Here’s hoping more people read the concise and precise interview about translation up on Guernica between Erica Wright and Marilyn Hacker.
When we talk about someone being a prolific translator, Marilyn Hacker — who is a fantastic poet, let’s not forget that — is the poster child: “In the past five years alone, she’s brought the work of Hedi Kaddour, Guy Goffette, Vénus Khoury-Ghata, Marie Etienne,” plus (as Hacker notes), Amina Saïd and Habib Tengour.
Of these, I know Kaddour a little and the Khoury-Ghata a lot. Admittedly, I am woefully lacking in the others (note to self: track down books). For my lights, Hacker’s translations of Khoury-Ghata, in particular, are singular. They spirit the Lebanese-French poet’s sensual and political mind from French into English with generosity and grace.
Hacker offers a would-be translator two important about translation that are spot on. First, that language is a pathway outside one’s national drama into the history of other cultures and other national literatures, both historically and contemporaneously.
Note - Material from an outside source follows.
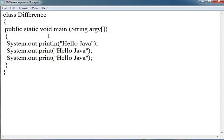In the first statement I have used println, and in the next I have used print. In println, a line break is done after the end of the text — it will write 'hello java' and after java it will go to the next line. But in the print statement it doesn't go to the next line. This is the basic difference between the println and print function.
This idea seems self-evident — but the implication, as I read it, is that American readers are disinclined to wander into the ‘other.’ Translation, Hacker points out, is “a door onto branching corridors of other histories, other ways of thinking, other linguistic echoes.”
Second, translating requires the translator to be both cautious and bold. Hacker again: “The possibility of working with it outside one’s own frames of reference, connotations, formal or historical concerns — in that way it’s like attempting to write within, and straining against or stretching out into, an unfamiliar formal structure.”
This last insight is terrific. Whether within a poetic tradition or across traditions and across languages, form aligns with the poetic organism. Form is not necessarily seamless, and it shouldn’t be, or needn’t be. Form is not necessarily clarifying. But form is unifying. And, within the unity of formal structure, the “unfamiliar,” the “straining against,” and the “frames” of perception are vivified.
***
Poetry Wire Head Snap: Poetry Wire notes with some humor the strangeness of reading a British critic “discover” Jorie Graham over on the Daily Beast now that she’s won the Forward prize for her latest book, Place. Got to ask: Um, how could you have missed her? It goes to show, as a sort of Side B to the translation question, that even within a single language, English, but also across literary nationalities, writers have trouble keeping up. So noted.